Task data Block Start

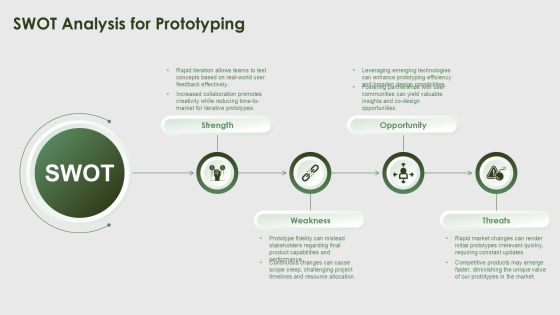 Prototype Development In Agile Methodologies PPT Presentation AT Slide22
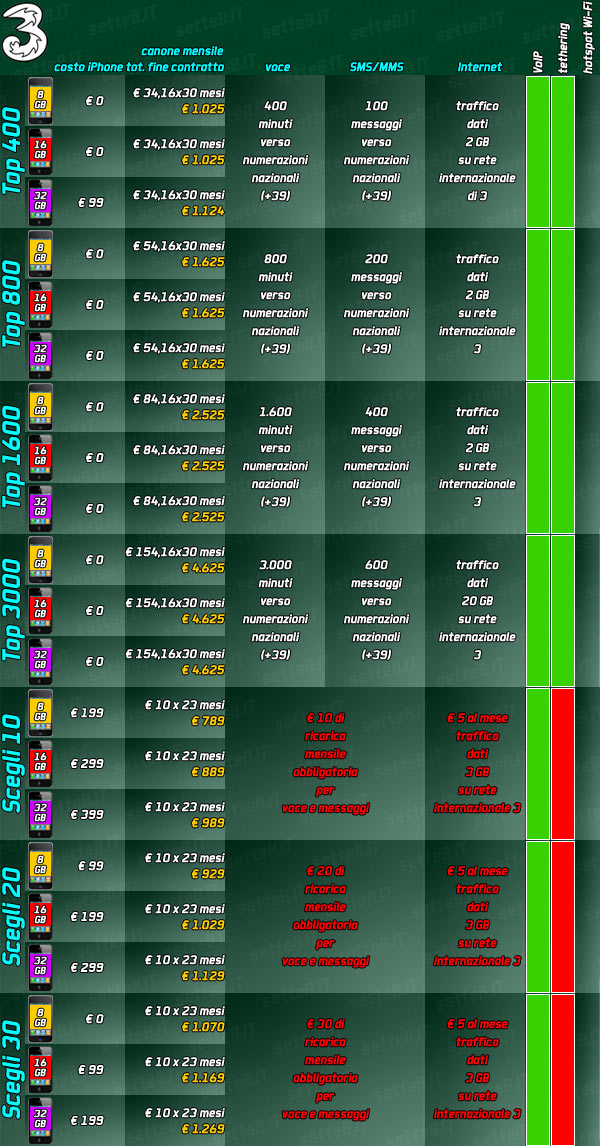 30-09404b_iphone2010italia3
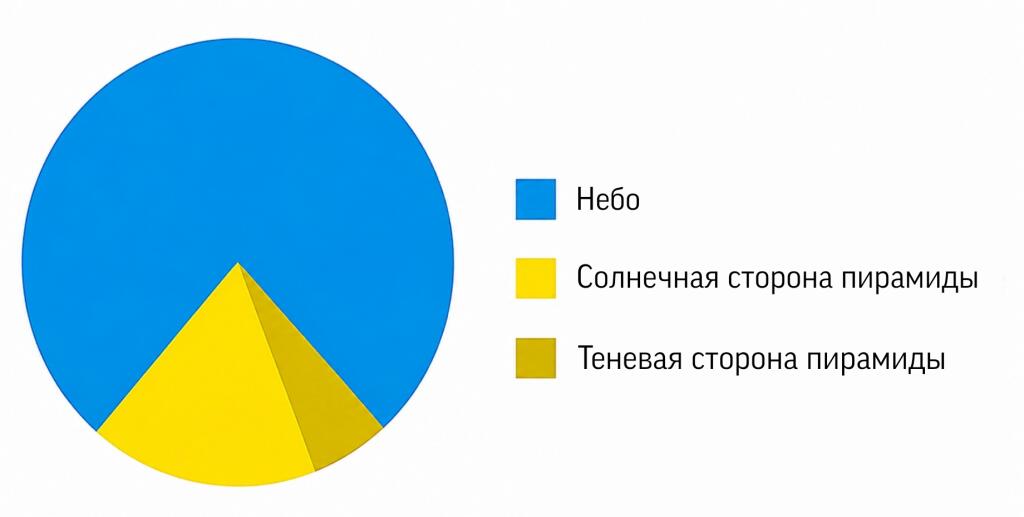Круговая диаграмма, где вместо одного из секторов нарисована пирамида, а остальная часть обозначена как небо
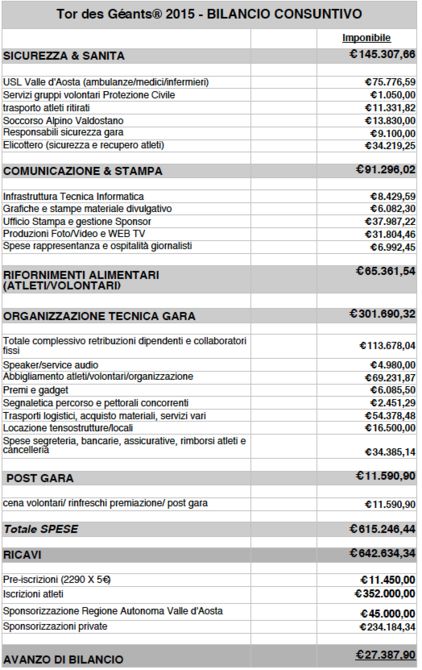 Tor, per il nuovo endurance trail si parte dalla sicurezza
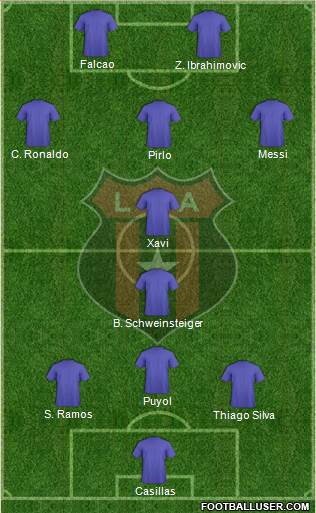 Liga Deportiva Alajuelense Formation 2013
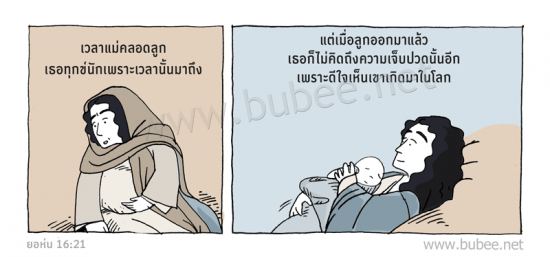 john16-21-Daily2017_2_10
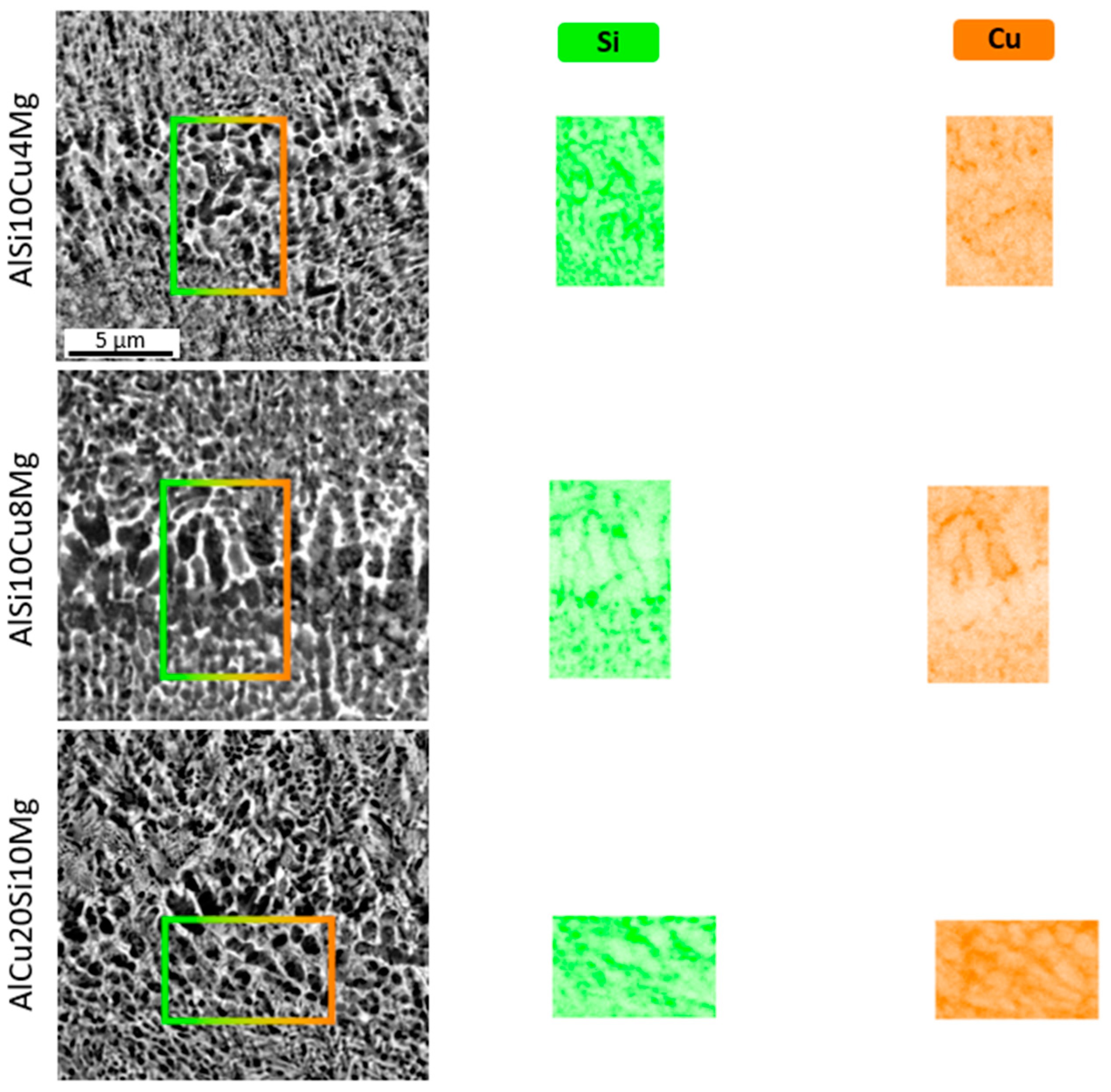 Metals 13 01315 g012 Metals 13 01315 g012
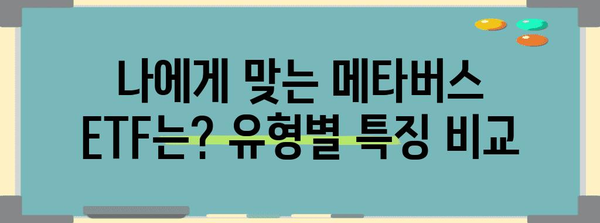 메타버스 ETF | 투자전에 꼭 알아야 할 모든 것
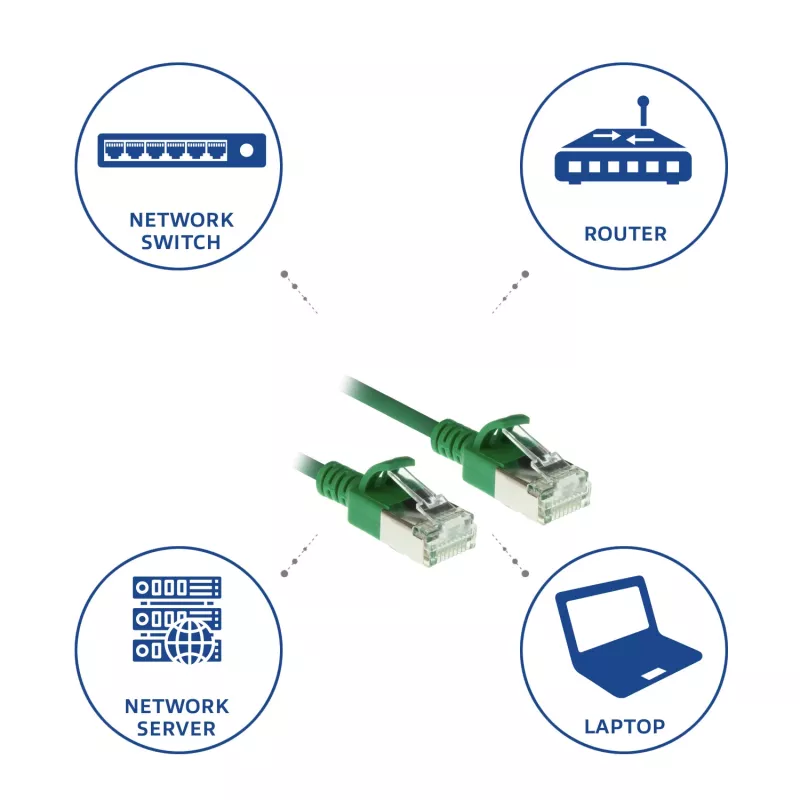 Καλώδιο patch ACT Πράσινο 3 μέτρα LSZH U/FTP CAT6A Datacenter Slimline με βύσματα RJ45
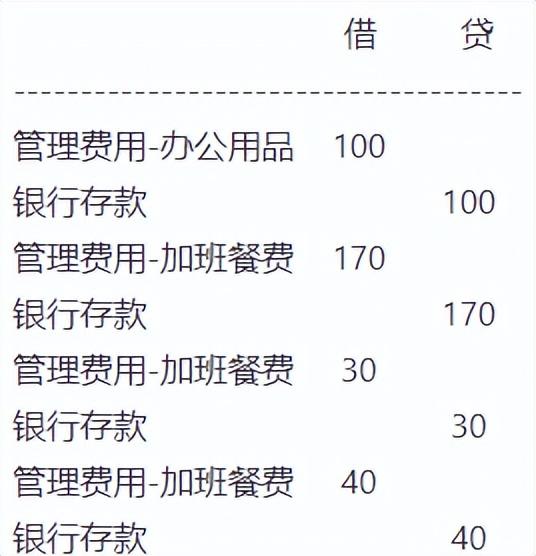 客户案例—企业微信对接T+生成总账凭证-4.jpg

Task data Block End

Return, exactly as they appear, the lines from the line containing "Tor, per il" through the end of the records above, both ends included, without pictures.

### Response area
 Tor, per il nuovo endurance trail si parte dalla sicurezza
 Liga Deportiva Alajuelense Formation 2013
 john16-21-Daily2017_2_10
 Metals 13 01315 g012 Metals 13 01315 g012
 메타버스 ETF | 투자전에 꼭 알아야 할 모든 것
 Καλώδιο patch ACT Πράσινο 3 μέτρα LSZH U/FTP CAT6A Datacenter Slimline με βύσματα RJ45
 客户案例—企业微信对接T+生成总账凭证-4.jpg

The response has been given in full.